REPUBLIKA.CO.ID, JAKARTA -- Pengamat politik dari Lembaga Ilmu Pengetahuan Indonesi (LIPI) Firman Noor menjelaskan harus ada indikator yang jelas dan spesifik ketika Presiden Joko Widodo (Jokowi) ingin melakukan reshuffle kabinet. Indikator yang spesifik itu, lanjutnya, pasti berbeda di setiap kemeneterian.
"Indikiator, misalnya, apakah kementerian terkait sejalan atau tidak dengan rencana-rencana presdien," kata Firman pada Republika, Senin (20/4). Karena, tambanya, penafsiran para menteri terkait rencana presiden bisa saja cacat.
Firman menambahkan adanya wacana reshuffle ini juga menunjukan ketidaksabaran masyarakat pada pemerintahan.
"Seperti menteri yang hanya jalan di tempat," ungkapnya.

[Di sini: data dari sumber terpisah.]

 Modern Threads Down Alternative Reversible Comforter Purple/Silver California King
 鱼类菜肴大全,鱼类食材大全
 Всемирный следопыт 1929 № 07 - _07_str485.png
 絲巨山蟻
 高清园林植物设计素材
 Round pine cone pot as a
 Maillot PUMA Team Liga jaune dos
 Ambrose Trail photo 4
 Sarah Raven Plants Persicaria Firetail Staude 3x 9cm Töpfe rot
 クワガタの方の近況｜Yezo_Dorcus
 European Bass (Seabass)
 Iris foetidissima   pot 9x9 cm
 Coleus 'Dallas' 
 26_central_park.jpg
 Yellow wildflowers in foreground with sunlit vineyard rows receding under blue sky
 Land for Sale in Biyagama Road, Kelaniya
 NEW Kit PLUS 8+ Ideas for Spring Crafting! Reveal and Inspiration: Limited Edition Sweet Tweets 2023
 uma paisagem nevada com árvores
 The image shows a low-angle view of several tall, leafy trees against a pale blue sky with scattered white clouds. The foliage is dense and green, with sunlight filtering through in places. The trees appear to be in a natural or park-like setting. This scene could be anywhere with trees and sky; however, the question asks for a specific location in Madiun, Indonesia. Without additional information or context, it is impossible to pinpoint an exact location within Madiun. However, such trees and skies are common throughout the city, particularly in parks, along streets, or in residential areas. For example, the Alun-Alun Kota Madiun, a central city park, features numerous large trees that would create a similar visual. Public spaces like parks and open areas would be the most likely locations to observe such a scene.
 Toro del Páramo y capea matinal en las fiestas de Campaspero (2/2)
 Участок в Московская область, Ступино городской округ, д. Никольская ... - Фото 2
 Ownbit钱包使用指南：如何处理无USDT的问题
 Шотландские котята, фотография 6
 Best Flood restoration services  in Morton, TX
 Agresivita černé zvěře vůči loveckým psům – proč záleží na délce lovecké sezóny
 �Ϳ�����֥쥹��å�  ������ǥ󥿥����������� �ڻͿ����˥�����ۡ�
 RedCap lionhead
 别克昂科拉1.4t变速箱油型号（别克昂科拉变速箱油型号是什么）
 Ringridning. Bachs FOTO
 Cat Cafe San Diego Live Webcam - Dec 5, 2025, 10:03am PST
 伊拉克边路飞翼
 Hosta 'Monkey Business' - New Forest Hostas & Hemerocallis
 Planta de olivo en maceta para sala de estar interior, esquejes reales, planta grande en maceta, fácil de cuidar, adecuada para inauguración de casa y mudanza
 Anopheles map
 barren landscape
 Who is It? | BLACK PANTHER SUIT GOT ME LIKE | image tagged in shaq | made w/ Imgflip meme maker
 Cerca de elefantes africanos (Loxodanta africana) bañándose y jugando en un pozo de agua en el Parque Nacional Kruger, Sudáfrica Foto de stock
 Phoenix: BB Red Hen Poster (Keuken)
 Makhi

Sebelumnya, wacana akan adanya reshuffle Kabinet Kerja Joko Widodo semakin menguat. Ada empat nama mengemuka yang disebut akan menggantikan menteri lama yang dianggap tidak bisa bekerja dan tidak loyal kepada presiden. Reshuffle akan dilakukan bersamaan dengan penggantian pejabat Kepala Badan Intelijen Negara (BIN).
Ketua DPP Hanura, Dadang Rusdiana juga menilai, selama satu semester kepemimpinannya, sudah waktunya Jokowi memertimbangkan untuk merombak kabinetnya.
"Setelah 6 bulan ini, nampaknya Jokowi harus segera berpikir tentang reshufle kabinet," kata dia pada Republika, Ahad (19/4).